From the line with "Fűszeres-zabpelyhes körtés muffin" to the line with "Ivana - Vintage", retype every line exactly, including those two, and leave out the rest of the data below.

### Recorded data ###

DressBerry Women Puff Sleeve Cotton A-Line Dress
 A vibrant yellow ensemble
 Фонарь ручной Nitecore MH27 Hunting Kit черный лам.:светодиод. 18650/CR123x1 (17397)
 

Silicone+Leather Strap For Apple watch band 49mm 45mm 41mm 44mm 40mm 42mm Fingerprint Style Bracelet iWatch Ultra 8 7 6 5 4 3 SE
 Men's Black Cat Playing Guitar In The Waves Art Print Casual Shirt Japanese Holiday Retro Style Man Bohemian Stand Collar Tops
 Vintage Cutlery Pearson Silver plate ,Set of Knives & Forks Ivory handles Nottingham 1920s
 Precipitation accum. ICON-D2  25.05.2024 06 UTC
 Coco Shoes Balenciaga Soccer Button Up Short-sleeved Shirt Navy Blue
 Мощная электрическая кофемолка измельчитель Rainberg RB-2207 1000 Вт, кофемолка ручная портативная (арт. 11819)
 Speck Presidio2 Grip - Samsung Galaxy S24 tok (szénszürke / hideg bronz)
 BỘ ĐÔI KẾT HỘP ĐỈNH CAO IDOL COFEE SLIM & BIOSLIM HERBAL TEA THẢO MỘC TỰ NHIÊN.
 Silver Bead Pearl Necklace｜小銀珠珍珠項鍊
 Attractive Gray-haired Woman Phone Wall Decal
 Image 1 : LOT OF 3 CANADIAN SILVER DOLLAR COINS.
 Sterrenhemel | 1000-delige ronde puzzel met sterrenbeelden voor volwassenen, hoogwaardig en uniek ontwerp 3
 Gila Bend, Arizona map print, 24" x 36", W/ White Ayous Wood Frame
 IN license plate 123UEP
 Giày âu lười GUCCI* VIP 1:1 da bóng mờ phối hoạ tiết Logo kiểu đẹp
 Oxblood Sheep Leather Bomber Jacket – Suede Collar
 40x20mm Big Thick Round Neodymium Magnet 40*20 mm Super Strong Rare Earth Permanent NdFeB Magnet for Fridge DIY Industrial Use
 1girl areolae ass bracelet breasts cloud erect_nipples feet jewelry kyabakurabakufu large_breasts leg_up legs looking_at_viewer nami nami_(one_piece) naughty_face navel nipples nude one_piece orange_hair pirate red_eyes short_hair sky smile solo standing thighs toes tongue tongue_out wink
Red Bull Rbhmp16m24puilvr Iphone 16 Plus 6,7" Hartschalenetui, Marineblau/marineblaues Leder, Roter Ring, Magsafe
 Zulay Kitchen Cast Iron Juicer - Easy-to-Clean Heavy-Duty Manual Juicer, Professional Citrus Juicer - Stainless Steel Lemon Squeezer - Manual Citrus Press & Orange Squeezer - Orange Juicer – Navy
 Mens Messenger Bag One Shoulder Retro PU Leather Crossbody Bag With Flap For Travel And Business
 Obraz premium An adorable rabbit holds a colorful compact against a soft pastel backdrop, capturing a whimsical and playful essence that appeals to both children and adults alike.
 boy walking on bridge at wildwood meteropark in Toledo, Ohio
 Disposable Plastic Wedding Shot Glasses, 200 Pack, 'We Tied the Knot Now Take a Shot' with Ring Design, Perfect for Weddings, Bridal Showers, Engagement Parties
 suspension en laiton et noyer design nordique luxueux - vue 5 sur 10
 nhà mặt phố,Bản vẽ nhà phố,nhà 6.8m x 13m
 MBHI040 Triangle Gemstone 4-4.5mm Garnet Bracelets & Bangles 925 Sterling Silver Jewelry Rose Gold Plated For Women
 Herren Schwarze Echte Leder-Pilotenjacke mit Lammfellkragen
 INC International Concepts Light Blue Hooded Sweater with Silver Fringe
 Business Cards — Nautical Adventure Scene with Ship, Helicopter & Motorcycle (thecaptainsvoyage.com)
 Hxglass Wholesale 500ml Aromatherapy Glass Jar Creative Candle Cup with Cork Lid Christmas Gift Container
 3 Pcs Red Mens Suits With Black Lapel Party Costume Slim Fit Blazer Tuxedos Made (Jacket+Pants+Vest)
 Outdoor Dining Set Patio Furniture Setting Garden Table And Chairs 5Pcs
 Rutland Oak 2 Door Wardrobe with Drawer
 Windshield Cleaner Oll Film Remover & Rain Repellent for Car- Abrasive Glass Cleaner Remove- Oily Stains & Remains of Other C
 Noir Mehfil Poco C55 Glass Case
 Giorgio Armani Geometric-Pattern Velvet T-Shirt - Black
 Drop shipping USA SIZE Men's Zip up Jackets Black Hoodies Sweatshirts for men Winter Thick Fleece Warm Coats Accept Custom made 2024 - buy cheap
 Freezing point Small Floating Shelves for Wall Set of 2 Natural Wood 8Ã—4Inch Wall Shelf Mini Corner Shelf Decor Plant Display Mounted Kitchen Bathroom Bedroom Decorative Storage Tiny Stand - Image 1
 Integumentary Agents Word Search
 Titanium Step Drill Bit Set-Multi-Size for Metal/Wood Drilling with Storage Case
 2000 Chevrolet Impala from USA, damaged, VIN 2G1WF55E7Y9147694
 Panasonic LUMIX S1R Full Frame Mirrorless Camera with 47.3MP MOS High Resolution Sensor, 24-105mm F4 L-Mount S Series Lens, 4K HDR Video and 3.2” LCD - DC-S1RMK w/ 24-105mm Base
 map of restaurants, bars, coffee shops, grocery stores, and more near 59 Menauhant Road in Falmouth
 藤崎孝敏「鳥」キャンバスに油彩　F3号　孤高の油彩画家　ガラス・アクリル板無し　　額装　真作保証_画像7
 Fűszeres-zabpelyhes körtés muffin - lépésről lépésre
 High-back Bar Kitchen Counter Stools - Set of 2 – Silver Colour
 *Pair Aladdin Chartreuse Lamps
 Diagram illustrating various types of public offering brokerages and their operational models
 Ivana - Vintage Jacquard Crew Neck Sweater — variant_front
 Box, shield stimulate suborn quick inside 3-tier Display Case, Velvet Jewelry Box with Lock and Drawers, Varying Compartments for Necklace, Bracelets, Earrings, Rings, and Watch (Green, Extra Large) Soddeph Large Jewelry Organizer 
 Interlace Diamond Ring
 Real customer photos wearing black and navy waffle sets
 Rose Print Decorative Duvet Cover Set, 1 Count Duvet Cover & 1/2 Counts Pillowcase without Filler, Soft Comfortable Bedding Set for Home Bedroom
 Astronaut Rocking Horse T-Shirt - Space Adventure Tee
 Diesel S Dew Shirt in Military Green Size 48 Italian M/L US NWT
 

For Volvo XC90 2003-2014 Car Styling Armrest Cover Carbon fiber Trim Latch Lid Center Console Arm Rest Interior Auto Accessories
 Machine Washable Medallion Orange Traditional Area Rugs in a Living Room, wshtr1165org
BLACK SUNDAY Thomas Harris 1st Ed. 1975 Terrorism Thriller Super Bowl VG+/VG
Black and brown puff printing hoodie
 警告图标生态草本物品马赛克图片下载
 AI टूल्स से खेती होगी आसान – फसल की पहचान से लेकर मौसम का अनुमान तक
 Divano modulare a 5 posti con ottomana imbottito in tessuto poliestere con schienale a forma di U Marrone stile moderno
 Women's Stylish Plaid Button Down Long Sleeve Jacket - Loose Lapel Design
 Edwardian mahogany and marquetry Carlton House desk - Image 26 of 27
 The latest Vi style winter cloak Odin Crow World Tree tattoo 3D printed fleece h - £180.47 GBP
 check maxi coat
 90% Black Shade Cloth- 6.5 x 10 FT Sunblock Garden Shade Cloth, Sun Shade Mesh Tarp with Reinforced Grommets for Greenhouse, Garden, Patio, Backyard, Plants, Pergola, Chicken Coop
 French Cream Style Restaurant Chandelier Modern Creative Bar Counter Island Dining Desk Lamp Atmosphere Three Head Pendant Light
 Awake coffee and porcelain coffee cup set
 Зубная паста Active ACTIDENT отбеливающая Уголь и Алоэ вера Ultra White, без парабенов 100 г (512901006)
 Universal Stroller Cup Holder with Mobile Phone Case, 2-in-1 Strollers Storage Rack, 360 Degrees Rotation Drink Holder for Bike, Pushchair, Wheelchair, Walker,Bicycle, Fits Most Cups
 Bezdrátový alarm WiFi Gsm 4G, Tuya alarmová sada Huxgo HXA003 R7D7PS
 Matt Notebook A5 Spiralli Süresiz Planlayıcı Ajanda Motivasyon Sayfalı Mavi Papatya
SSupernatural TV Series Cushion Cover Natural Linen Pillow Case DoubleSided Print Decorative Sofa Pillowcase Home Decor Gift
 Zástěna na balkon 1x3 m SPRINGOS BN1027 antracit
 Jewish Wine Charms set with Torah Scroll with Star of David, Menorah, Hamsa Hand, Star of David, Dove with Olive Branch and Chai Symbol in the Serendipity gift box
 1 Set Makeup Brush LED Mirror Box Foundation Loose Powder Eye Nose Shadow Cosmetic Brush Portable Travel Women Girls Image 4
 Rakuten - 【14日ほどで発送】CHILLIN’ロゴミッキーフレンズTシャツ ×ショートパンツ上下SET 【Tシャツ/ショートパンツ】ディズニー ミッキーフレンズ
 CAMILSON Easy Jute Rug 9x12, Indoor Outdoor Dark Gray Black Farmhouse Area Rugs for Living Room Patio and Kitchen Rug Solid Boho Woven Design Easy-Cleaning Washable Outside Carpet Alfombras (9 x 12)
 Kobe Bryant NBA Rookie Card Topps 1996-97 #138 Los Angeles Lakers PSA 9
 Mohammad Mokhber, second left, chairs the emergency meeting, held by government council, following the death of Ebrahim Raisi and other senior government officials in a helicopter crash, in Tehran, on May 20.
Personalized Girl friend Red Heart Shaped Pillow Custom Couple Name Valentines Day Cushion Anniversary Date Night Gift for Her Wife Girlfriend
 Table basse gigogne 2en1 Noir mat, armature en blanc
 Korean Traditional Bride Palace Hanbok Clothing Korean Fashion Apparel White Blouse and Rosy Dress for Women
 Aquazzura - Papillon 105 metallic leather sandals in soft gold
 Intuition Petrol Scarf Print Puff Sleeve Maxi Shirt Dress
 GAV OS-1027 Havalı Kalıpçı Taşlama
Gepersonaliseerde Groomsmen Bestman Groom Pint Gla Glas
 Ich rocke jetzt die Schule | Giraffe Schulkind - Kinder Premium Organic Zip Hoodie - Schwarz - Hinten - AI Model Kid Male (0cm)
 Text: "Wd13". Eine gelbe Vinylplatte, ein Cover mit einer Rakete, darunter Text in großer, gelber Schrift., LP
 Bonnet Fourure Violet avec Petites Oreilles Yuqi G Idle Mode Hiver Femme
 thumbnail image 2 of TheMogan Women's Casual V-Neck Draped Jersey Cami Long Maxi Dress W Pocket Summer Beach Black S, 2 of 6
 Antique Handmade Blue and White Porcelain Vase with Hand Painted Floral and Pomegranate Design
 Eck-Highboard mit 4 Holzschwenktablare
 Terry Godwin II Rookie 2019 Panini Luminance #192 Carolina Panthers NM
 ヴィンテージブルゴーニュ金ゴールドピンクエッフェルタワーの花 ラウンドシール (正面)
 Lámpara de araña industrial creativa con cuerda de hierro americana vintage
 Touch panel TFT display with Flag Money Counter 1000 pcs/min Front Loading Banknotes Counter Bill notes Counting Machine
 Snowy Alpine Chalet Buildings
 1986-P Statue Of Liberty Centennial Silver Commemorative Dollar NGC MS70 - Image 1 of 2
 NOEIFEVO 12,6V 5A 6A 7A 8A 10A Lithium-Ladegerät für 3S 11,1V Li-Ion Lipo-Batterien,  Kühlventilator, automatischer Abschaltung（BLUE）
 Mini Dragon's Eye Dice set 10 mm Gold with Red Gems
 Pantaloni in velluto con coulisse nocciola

###

## Output of the task
 Fűszeres-zabpelyhes körtés muffin - lépésről lépésre
 High-back Bar Kitchen Counter Stools - Set of 2 – Silver Colour
 *Pair Aladdin Chartreuse Lamps
 Diagram illustrating various types of public offering brokerages and their operational models
 Ivana - Vintage Jacquard Crew Neck Sweater — variant_front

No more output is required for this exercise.